Climate Change & Big Sur, 4/19/19

There is a fascinating history of science article that discusses the measurement of C02 emissions and the role a campfire in Big Sur played.

“Science historian Spencer Weart describes the Keeling Curve as “the central icon of the greenhouse effect.” It was, he writes in his book, The Discovery of Global Warming, “not quite the discovery of global warming. It was the discovery of the possibility of global warming.”

READ MORE: Climate Change History

Its origins can be traced to a campsite in Big Sur, California. In 1953, Charles David Keeling was a young postgraduate geochemist embarking on a study to compare the relative abundances of carbon dioxide in water and air. To do that, he first had to measure the level of CO2 in the atmosphere, which, to that point, nobody had done to any great precision. And because nobody had done it, there was no off-the-shelf equipment readily available to do so. So, Keeling made his own instrument, working from instructions for a prototype he found in a 1916 journal article, and he undertook the day’s drive to Big Sur. Unsure whether the CO2 even in pristine air next to the Pacific Ocean would be constant, he decided to take air samples every few hours over a full day and night, a meticulousness that would characterize his career.
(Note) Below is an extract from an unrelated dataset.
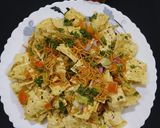 A picture of step 5 of Chaat (Papad Chat).
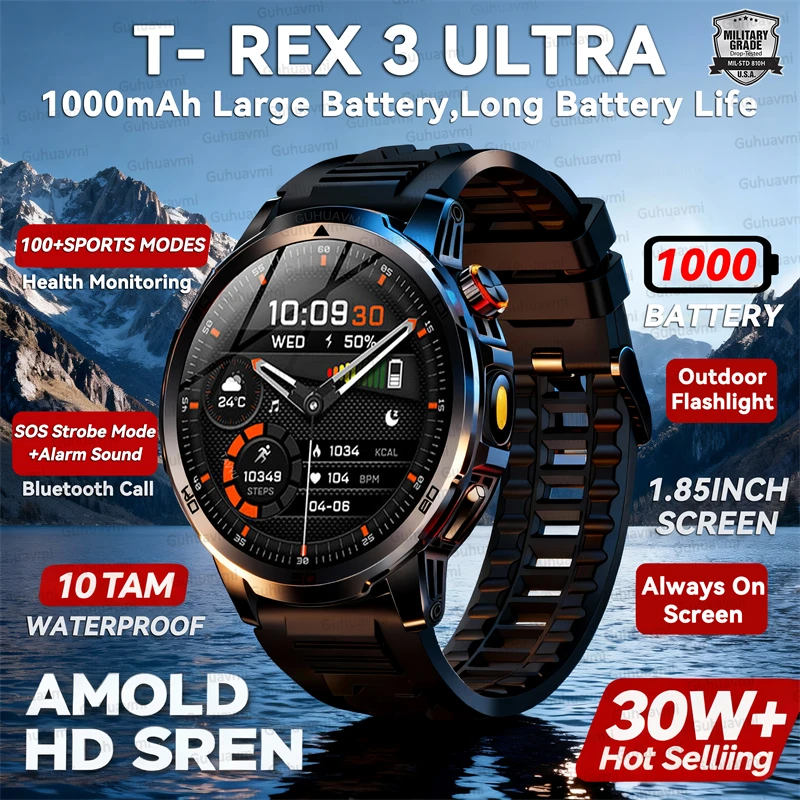 

2026 Military T-Rex 3 Smart Watch Fitness Clock Men 466*466 AMOLED Screen 1000mAh Battery Flashlight Call Waterproof Smartwatchs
“He lived by a kind of moral code that looked at there being a right way and a wrong way to do things, and the right way was always the thorough way,” explains Ralph Keeling, his son and the Director of the Scripps CO2 Program at the Scripps Institution of Oceanography.”

To read the rest of this fascinating article, see: https://www.history.com/news/keeling-curve-global-warming-climate-change

2 thoughts on “Climate Change & Big Sur, 4/19/19

  1. Proof is in the pudding – the polar ice sheets hold the data. Too bad that we’re losing those polar caps, ironic that they are being destroyed by the carbon increases we have created.